With the advent of genotype by sequencing (GBS) approaches for generating genotypic data, there has been a move away from solid state SNP genotyping arrays63. However, there are significant benefits of using solid state SNP arrays over GBS. For example, the laboratory techniques and procedures required to undertake genotyping as well as integral downstream bioinformatics analysis are much simpler and require less technical knowledge.
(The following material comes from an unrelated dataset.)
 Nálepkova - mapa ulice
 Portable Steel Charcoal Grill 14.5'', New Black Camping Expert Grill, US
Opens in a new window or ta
As a result, genotyping arrays usually have a much quicker turnaround and are much more robust and less prone to errors64, 65. In addition, SNP genotyping arrays can be automated leading to higher reproducibility. Per sample, genotyping arrays are generally more expensive than GBS approaches, however, as long as the SNP arrays were designed with loci that are polymorphic within the populations for its intended use, there are many benefits that can be yielded over any GBS approach.
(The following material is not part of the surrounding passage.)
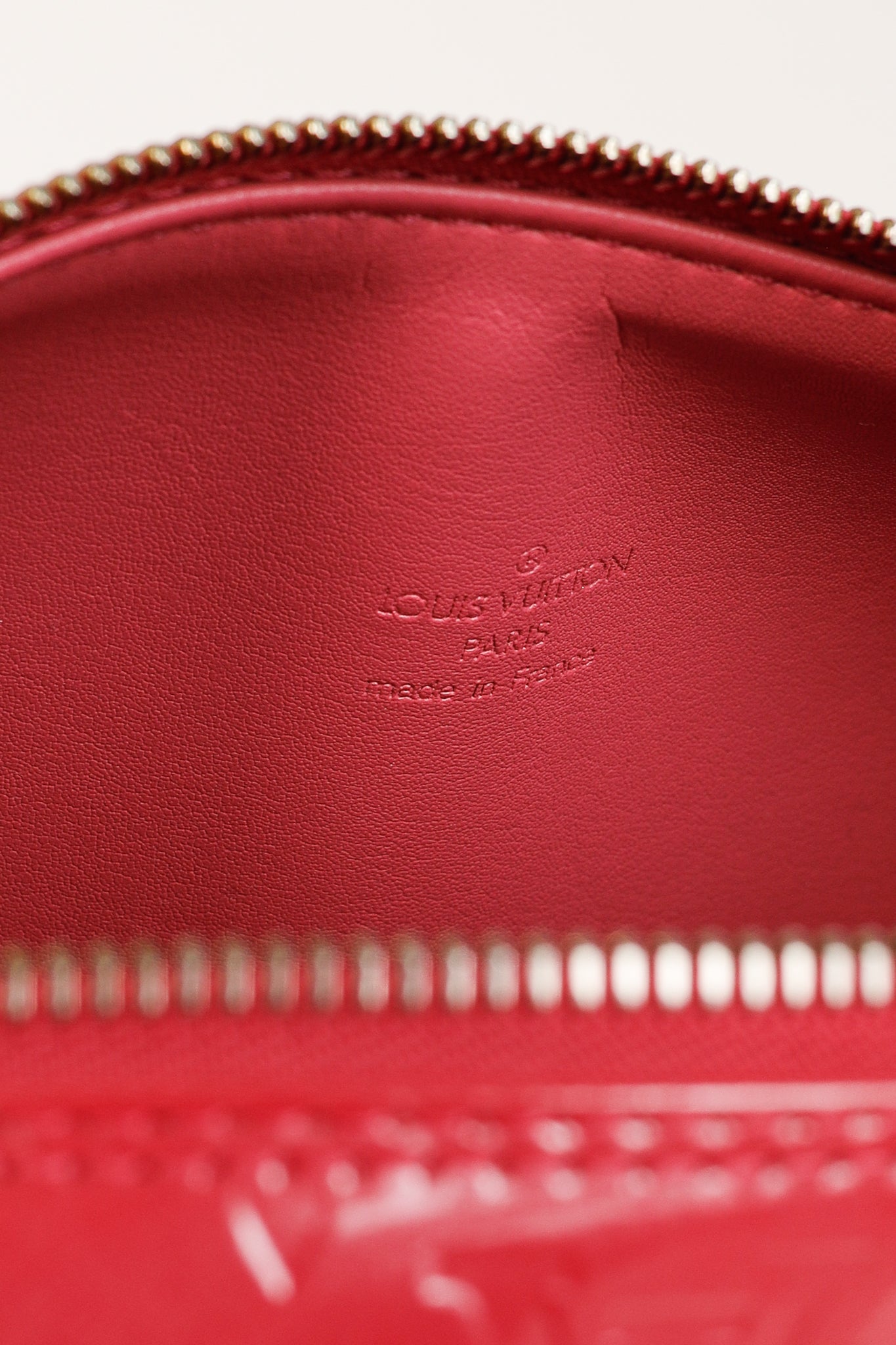 Louis Vuitton Bedford Framboise Monogram Vernis Leather Barrel Bag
Assigning gene annotation and ontology terms to SNPs provide valuable insights into the functional biology and trait architecture particularly when coupled with location information within the genome. A total of 27,477 of the 76,963 contigs utilised in SNP discovery were annotated with one or more gene ontology terms. The proportion of annotated contigs reflects the still limited amount of annotated sequence data for decapods in the public domain. The major GO terms returned including cellular, metabolic and single-organism process in Biological Process; binding and catalytic activity in Molecular Function; and cell, organelle, membrane and macromolecular complexes in Cellular Components were all reflective of the proportions of GO terms returned within previous studies within penaeid transcriptome studies10, 66. In addition, the GO distribution patterns of protein coding genes and therefore gene compositions between the two shrimps was reported to be similar66.
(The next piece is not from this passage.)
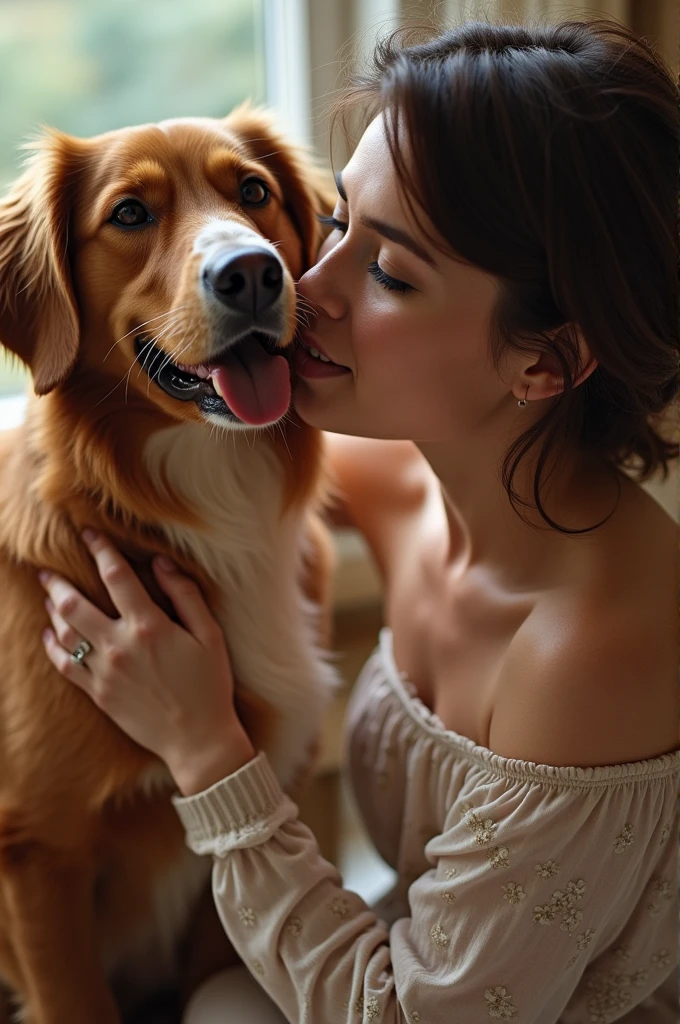 Sex between a woman and a dog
Out of the 6,379 SNPs deemed suitable for linkage mapping, 4,370 were successfully placed via linkage analysis. An additional 447 SNPs were placed when integrating LODE methodologies resulting in a total of 4,817 SNPs mapped. The power of placing SNPs on a linkage map comes from the number of informative meiosis events within the reference mapping families. The average number of informative meiotic event across all mapped SNPs was 147.0, compared to 28.3, for all unmapped SNPs. This significant drop in the number of informative events is a major contributor to the ability to firstly assign a SNP to a linkage group, and finally order the markers unambiguously. In addition to the placement of markers, the number of informative meiotic events adds power to teasing apart the LD blocks or binning of markers placed at the same location on the linkage map. There were a number of clusters of co-localised markers within the map presented in this study (i.e. there were 4,817 markers places within 1,752 unique locations, indicating that on average, there were 2.75 markers co-localised throughout the genome). An increase in either the number of individuals per family, or the number of families should result in higher power to refine the position of these co-localised markers. Nevertheless, considering there were only minimal evidence of sex-specific recombination, family specific recombination and segregation distortion, the assignment of the SNP markers throughout the linkage mapping procedure is considered to be highly accurate.
To assign additional orphaned markers to the linkage map that were not assigned a position within linkage analysis, a locus ordering by disequilibrium (LODE) mapping procedure was implemented as described in Khatkar, et al.16. LODE methodologies rely on the linkage disequilibrium (LD) information from unrelated samples within a population and do not require specific resource populations or mapping families. A reliable estimate of r2 (statistical measure of LD) can be successfully obtained from a minimum samples size of 75 unrelated individuals40. Within this study, a total of 1,963 individuals (from prominent domesticated industry lines) were included in LODE analysis which allowed the generation of accurate estimates of LD. In doing so, the LODE method was able to harness additional samples and linkage disequilibrium information (outside of linkage mapping families) that was useful to place 447 additional orphan SNPs.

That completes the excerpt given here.